Arriving around 7pm on a Monday, we were surprised to find a good-sized crowd of after-work types and foreigners, plus a large party of students. They were spread out in Nataraj's airy seventh-floor dining area, which has knickknacks on the shelves, bench seats lining the walls, and a small fountain in the center of the room. Sari-clad waitresses rushed in and out, and pleasingly low-volume Indian music lilted overhead.
We had called the day before to reserve the special course menu, giving the chef, per the restaurant's request, a chance to prepare seasonal ingredients. The set comes with two drinks, three appetizers, three curries, salad, bread, rice, chutney and dessert, and we were a bit worried about being able to finish it all. But seeing as it cost only ¥5,000, we knew we'd be getting, at the very least, good value.

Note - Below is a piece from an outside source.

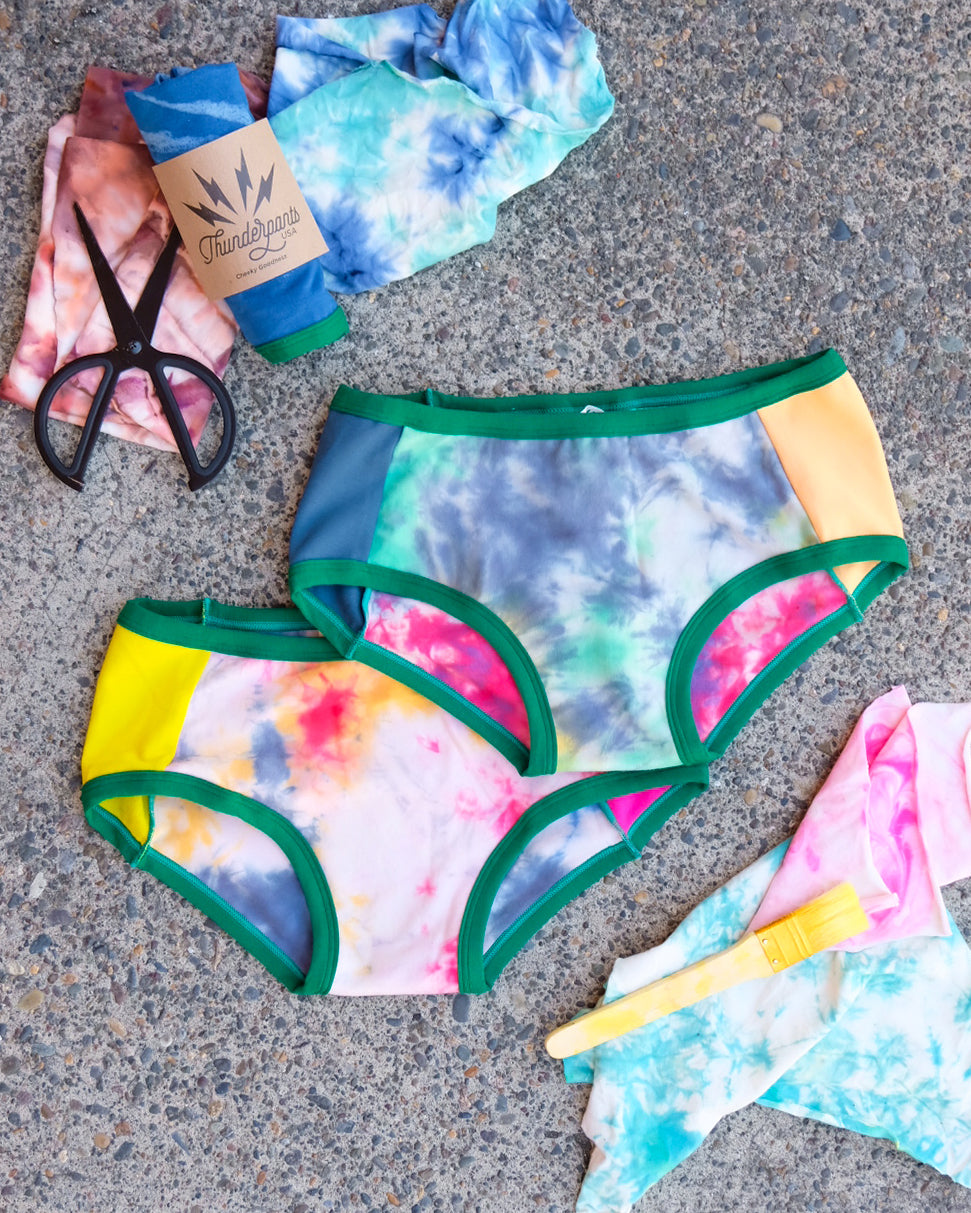 Flat lay of two pairs of Thunderpants Hipster style underwear in Dye Scrap Panel Pants - a mix of solids and dyed fabrics.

Our meal started with a paneer roll (¥880), our companion's a la carte appetizer choice. A warm chapati (soft, thin bread) wrapped around Indian cottage cheese, the roll was like an Indian curry burrito with an eggy filling. We wished there was more of it to go around, as we did the course menu's appetizers, which arrived together and consisted of deep-fried chickpeas, spicy pickled radish, and masala papadum. Small but intensely flavored, these three dishes had us calling out for a bottle of Maharaja beer (¥600). The papadum in particular was a standout, thin and crispy and topped with tiny slivers of tomato and cucumber.
Our palates were further cooled by the course menu's salad, a refreshing mix of greens, tomato, kiwi and apple topped with a light yogurt dressing. Next up were the three curries. One was the daily special but the other two we were able to choose from Nataraj's list of about 20 offerings. We went with palak paneer (spinach and cottage cheese, ¥1,300 a la carte) and baingan bhurta (eggplant with onion and tomato, ¥1,500 a la carte). All three were served thali-style in half portions on a platter with rice, chutney and bread. This latter was tandoori paratha (baked spicy wheat bread, a la carte ¥600), which was one of six on offer, including three nan varieties. The curries were all fresh and hearty, the palak paneer in particular impressing us with its creamy spinach and large wedges of cheese.
Full but not overly so, we finished off our meal with Indian tea and kulfi (ice cream, a la carte ¥600), knowing that we'd be back whenever we wanted to show off for overseas visitors-and that we'd be keeping the prices to ourselves.